I don't remember pregnancy being so tough... painful body parts, brainless, sluggish, slow, tired, can't move, can't think, can't remember anything... on and on.
Just getting my thoughts together takes a lot of work for me right now.. it feels ridiculous for someone who is such a thinker like myself. Is this what old age is like?
I feel like my life is out of control but my brain doesn't care to think about it, my body can hardy move right, work is still crappy but I can't really think about it, it takes 1/2 the day to pass to get a shower in, exercise desires are at a minimum, but for some reason the ice cream keeps my attention and is always calling my name... (I'm going to try really hard to NOT eat any ice cream today).
I think my house is sucking me in.. I need to get out but don't have the physical or brain ability to proactively do so.
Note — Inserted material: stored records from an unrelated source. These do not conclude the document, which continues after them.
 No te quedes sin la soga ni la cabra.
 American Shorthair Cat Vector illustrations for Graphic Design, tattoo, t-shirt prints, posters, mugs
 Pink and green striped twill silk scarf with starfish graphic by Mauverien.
And even when I do go out or someone comes here.. I have to hope my back doesn't quit working for me or that I can keep the children in check or get my brain to keep working to accomplish any kind of conversation without getting too distracted.
I think life is just a fog right now.
But I am at 29 weeks of pregnancy. Less than 3 months to go. Then a bright little bundle of joy to keep me up all night : ) So the fog will continue.. for a few months anyways.
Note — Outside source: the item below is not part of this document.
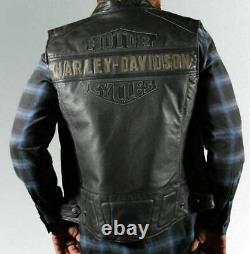 Harley Davidson Men's Genuine Leather Black Biker Vest Jacket Moto Cafe Racer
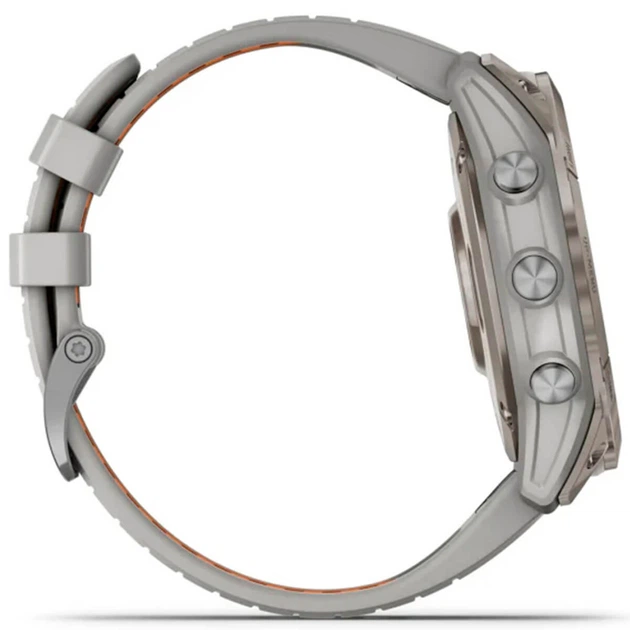 Мультиспортивные часы GARMIN Fenix 7X Pro Sapphire Solar Titanium with Grey/Orange Band - изображение 5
I know it will totally be worth it, about a year from now, but for now.. pregnancy can be tough.
The last two weeks, I have been so glad that Wendell is in full day preschool... for his and my own sanity. : )
Well, my brain is spent, enough thoughts for now. Hope all is well.. there are many good things going on here too but my brain can't process it all at once.. maybe this weekend I can get some fun pictures posted.